İHSAN ŞENER (Ordu) – Biz iflas etmedik ki, iflas eden sizsiniz.  İyi muhasebe yapmıyorsunuz demek ki. 

ENGİN ALTAY (Devamla) – …bu, AKP’lilerin genel huyu hâline geldi. Cumhuriyet Halk Partisinin tarihinden şeref duyuyorum, onur duyuyorum, böyle bir partiye mensup olmaktan da gurur duyuyorum, iftihar ediyorum. (CHP sıralarından alkışlar)

Ancak, “Cumhuriyet Halk Partisinin Suriye politikası” derken, Cumhuriyet Halk Partisinin Suriye’ye yönelik bir bakış açısı var. Bizim, dış politikayla ilgili çok genel bir kuralımız var: Yurtta barış, dünyada barış.

HAMZA DAĞ (İzmir) – Zulüm olsa da barış.

ENGİN ALTAY (Devamla) – Ama bizim komşu ülkelere terörist ihraç etmek, oradaki terör örgütlerine silah temin etmek, dünyanın değişik ülkelerinden insanları Türkiye’de kamp kurup, gerilla eğitimi verip, üstlerine bombalar takıp başka ülkelere göndermek gibi bir politikamız yok.

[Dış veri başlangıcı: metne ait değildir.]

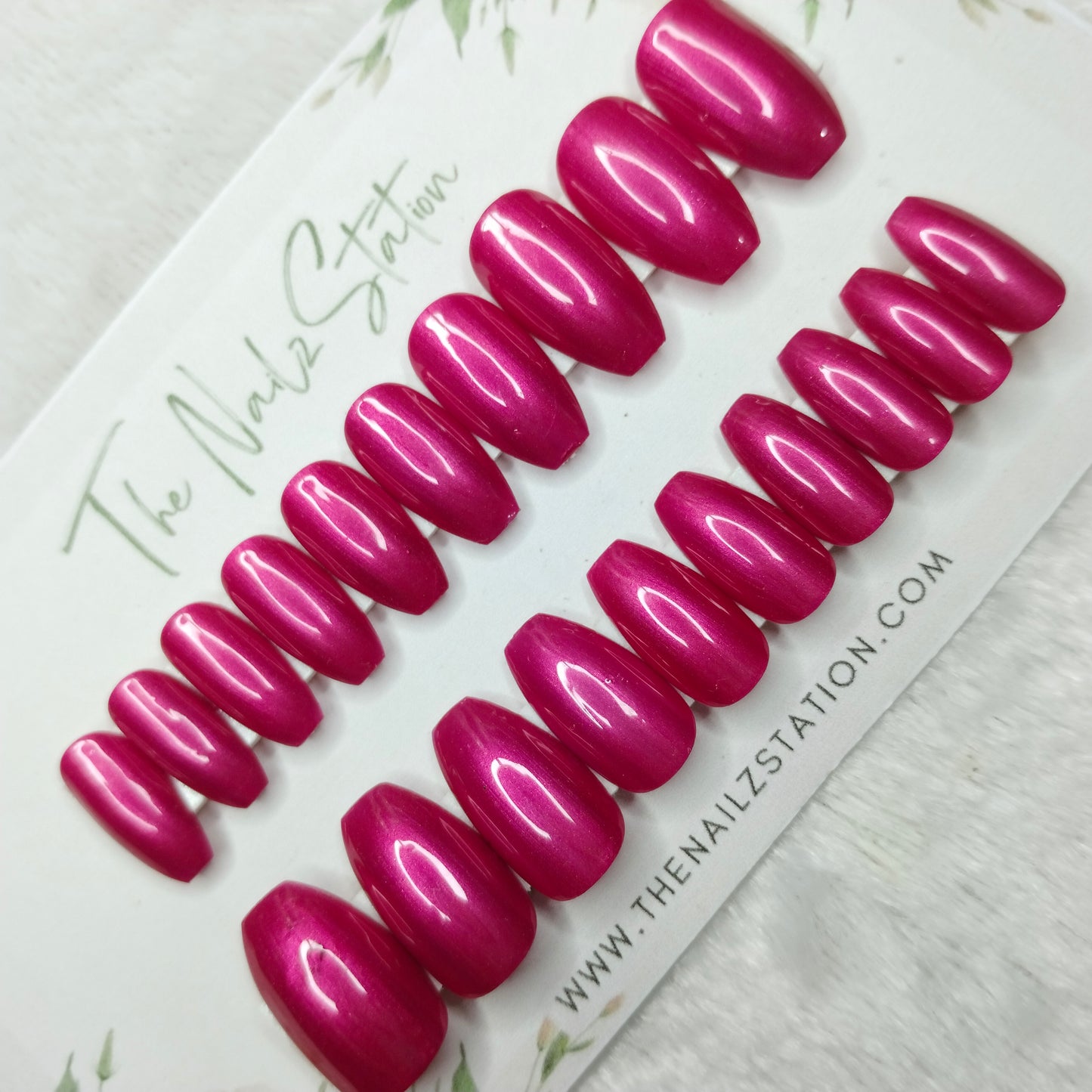 The NailzStation Glossy Pink Chrome Press on Fake Artificial Nails Set with glue, filer, sticker application kit // 1483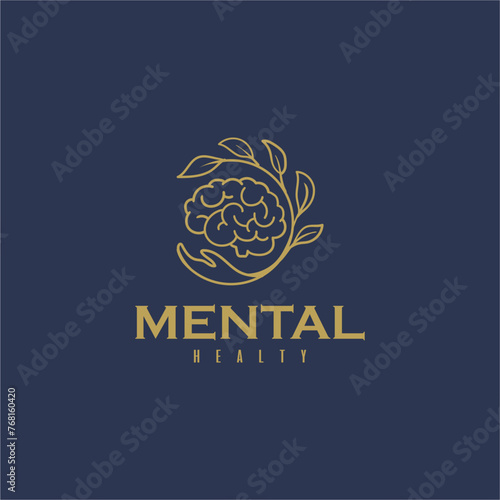 Mental Wellness, growth, health, Psycho Therapy, Brain Health and Wellness, Logo Design Template.
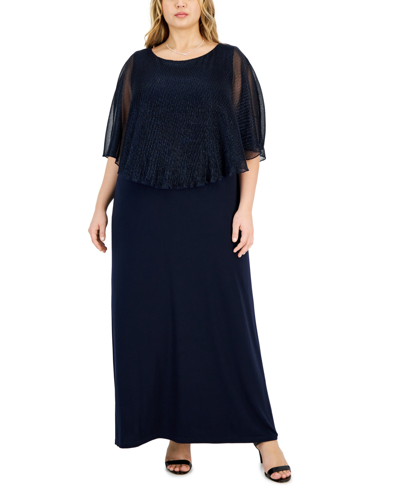 Connected Plus Size Cape-overlay Maxi Dress In Navy
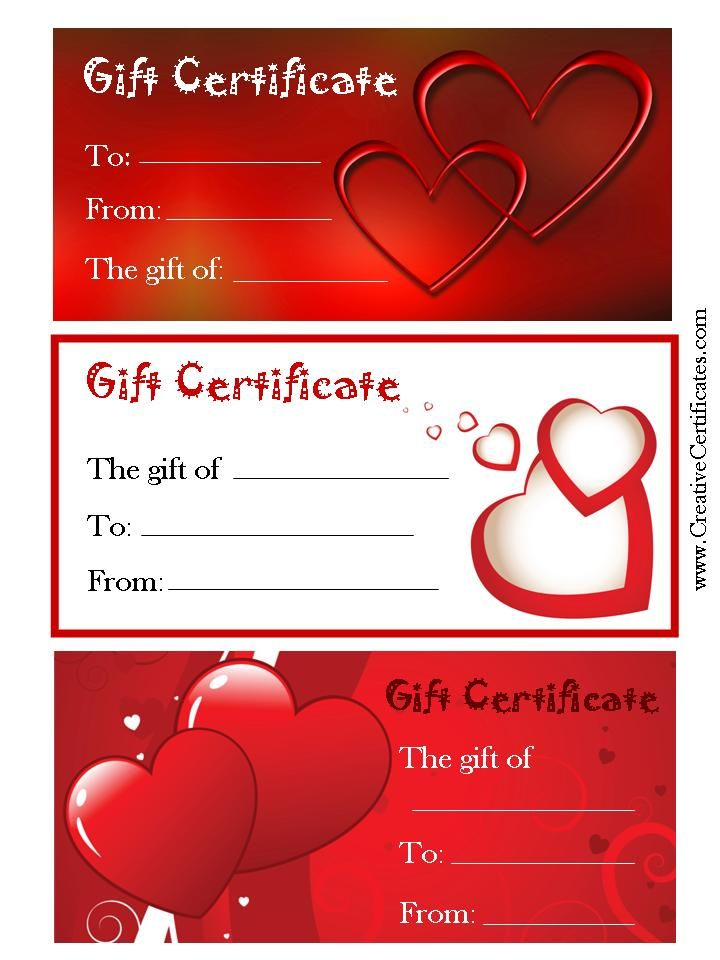 Free Printable Valentine Gift Certificates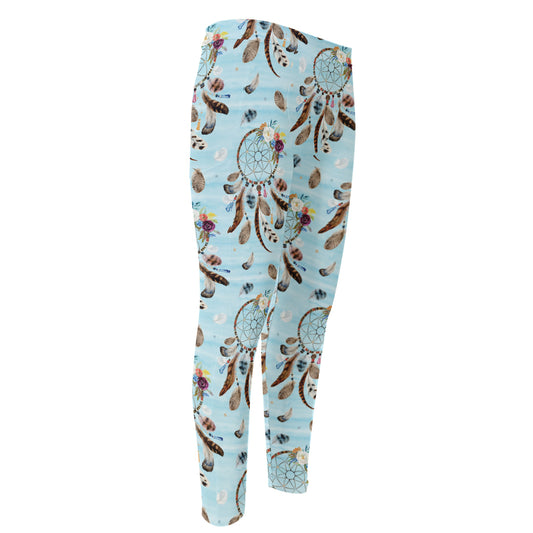 Blue Indian Dream Catcher Pattern Print Men's Compression Pants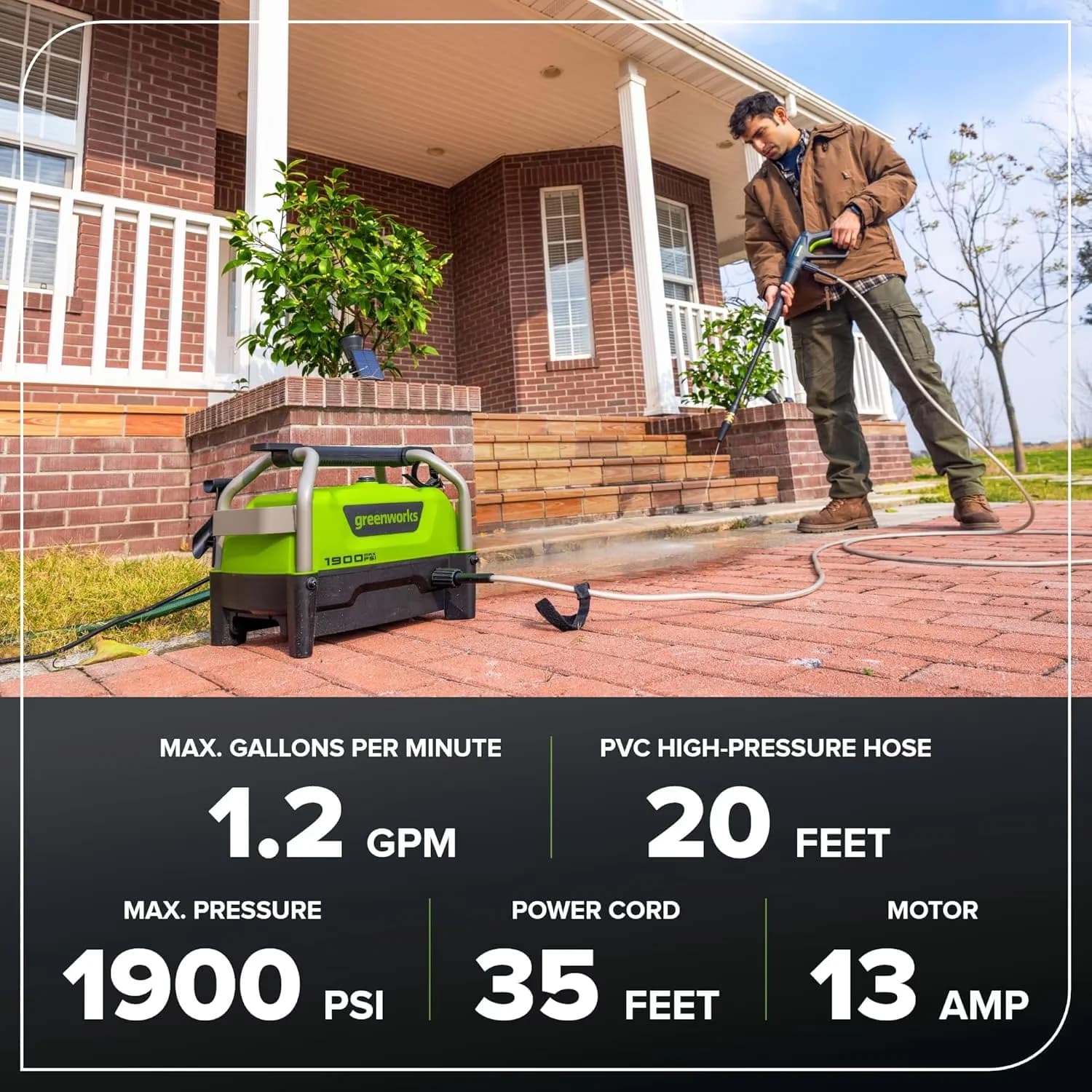 Versatile Pressure Washer with Adjustable Wand, Quick Connect Tips, 1900 PSI Portable - Model 008E2A
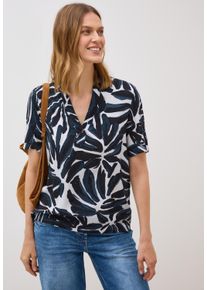 Cecil Damen Shirtbluseurban dunkelblau, casual, Gr. XS, bedruckt, Web, Obermaterial: 100% Viskose, Blusen, Split Neck Tunika mit floralem Muster
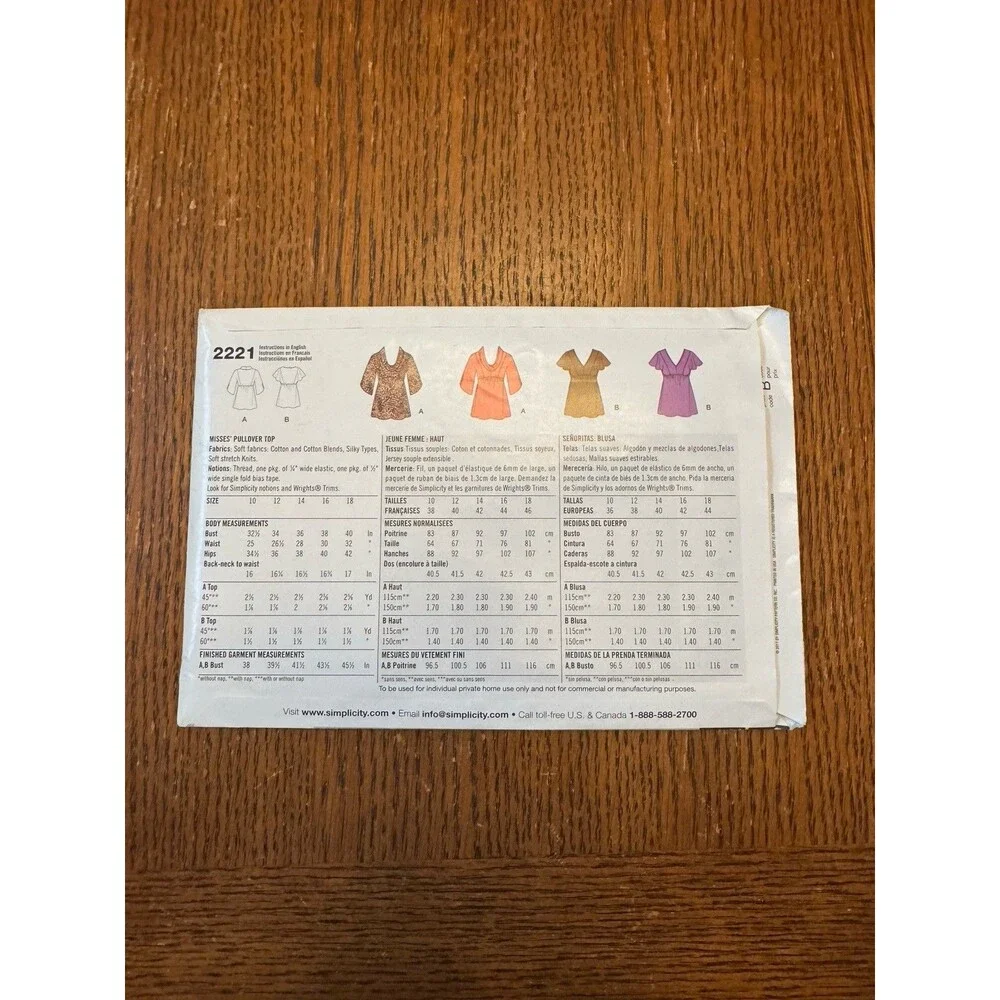 Simplicity Sewing Pattern 2221 Misses Empire Pullover Tops Sizes 10-18 Easy
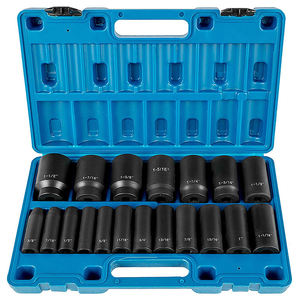 19-delige Set 1/2 \ "Sae 3/8-1-1/2 \" Slagcontactdozen 6-Punts Diep/Kort Cr-V Staal Voor Voertuigen En Vrachtwagens - Product Image 1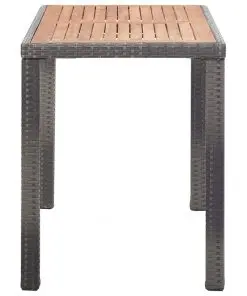 vidaXL Garden Table Anthracite and Brown 123x60x74 cm Solid Acacia Wood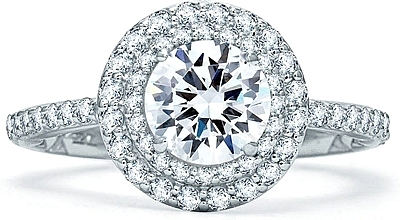A.Jaffe Double Halo Diamond Engagement Ring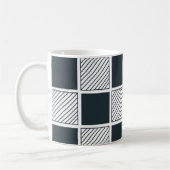 Checkerboard Cool Black and White Navy Blue Koffiemok (Links)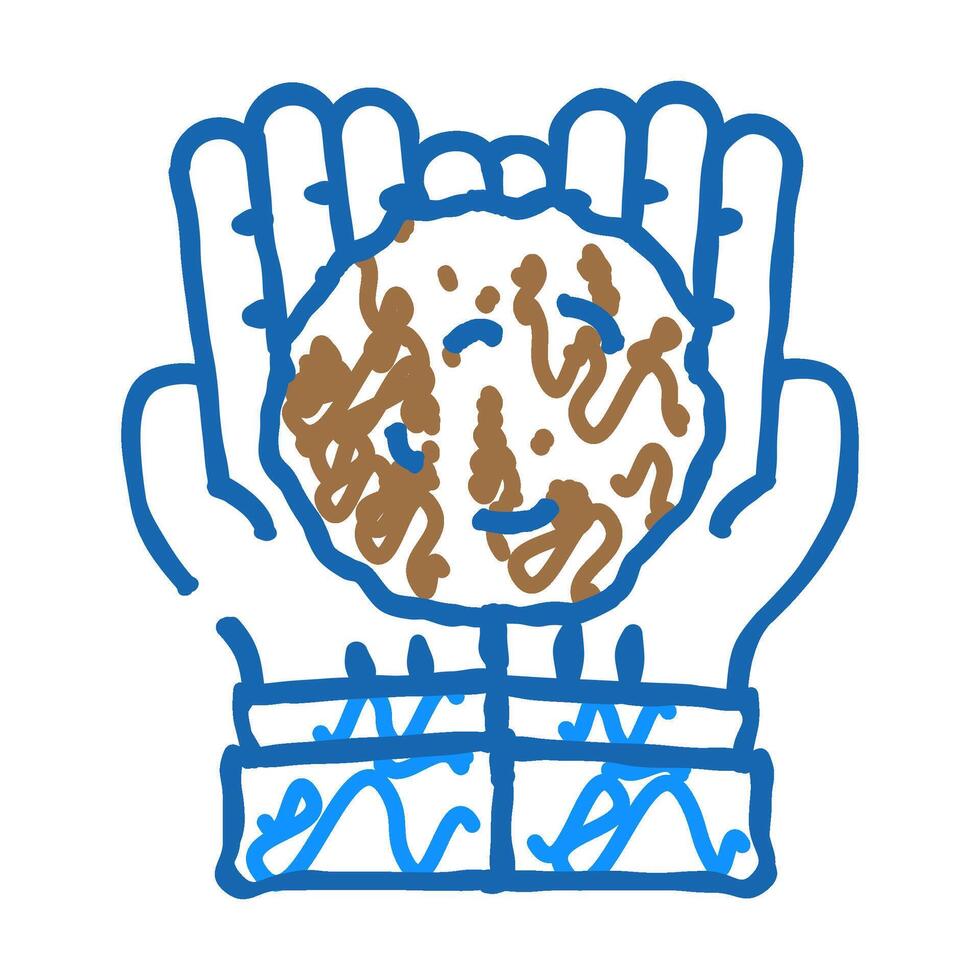 hands holding peat icon doodle illustration vector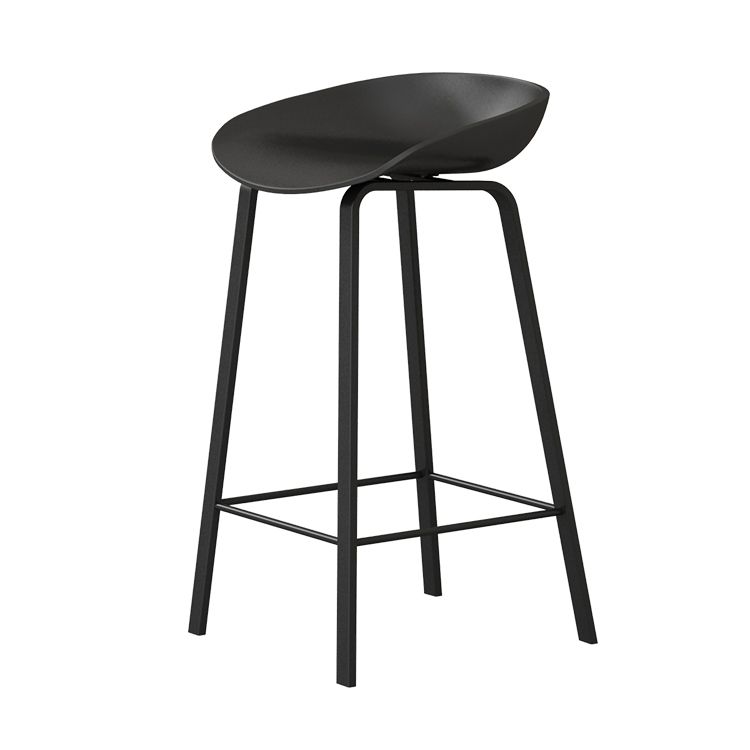 Taburete de bar con respaldo bajo y reposapiés moderno, cubo de plástico para interior, taburete de altura contraria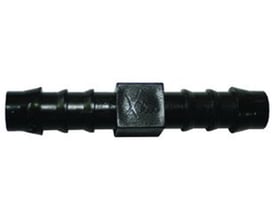 Aspen lige samlenippel i plast til 6 mm slange, sort med modhager i begge ender og en bred midterdel.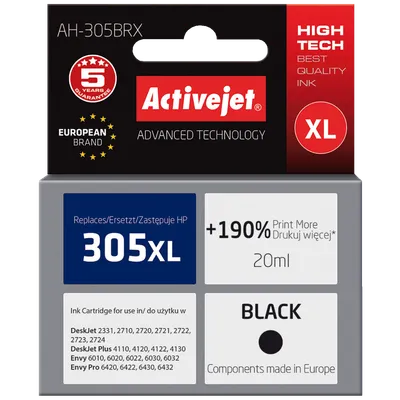 ACTIVEJET Tinta za printer AH-305BRX, HP 305XL, 20ml, Crna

İHSAN ŞENER (Ordu) – Ne kadar kolay bunu söylemek, ne kadar kolay iftira atmak.

HAYDAR AKAR (Kocaeli) – Niye rahatsız oldunuz ki? Ne oldu şimdi?

ENGİN ALTAY (Devamla) – Evet, Suriye’yle ilgili böyle düşünüyoruz.

İHSAN ŞENER (Ordu) – Bir sorumluluk sahibi olun ya!

ENGİN ALTAY (Devamla) – Suriye’de akan kanda birilerinin vebali vardır. Cumhuriyet Halk Partisinin Suriye politikası gayet açıktır.

Komşu ülkelerin ve dünyanın diğer ülkelerinin iç işlerine karışmamak gibi bir politikamız var, bundan sonra da var olmaya devam edecek ama komşu ülkelere terör ve terörist ihraç etmek gibi bir politikamız yok, o sizin Hükûmetinize ait bir politika. (CHP sıralarından alkışlar)

BAŞKAN – Halkların…

NURETTİN CANİKLİ (Giresun) – Sayın Başkan…

BAŞKAN – Oylayayım şunu…

HASİP KAPLAN (Şırnak) – Sayın Başkan…

BAŞKAN – Söz vereceğim de Allah rızası için şunu oylayayım çünkü yani farkında değilsiniz nasıl konuştuğunuzun.

Halkların Demokratik Partisi Grubunun vermiş olduğu öneriyi oylarınıza sunuyorum…

III.- YOKLAMA

(CHP sıralarından bir grup milletvekili ayağa kalktı)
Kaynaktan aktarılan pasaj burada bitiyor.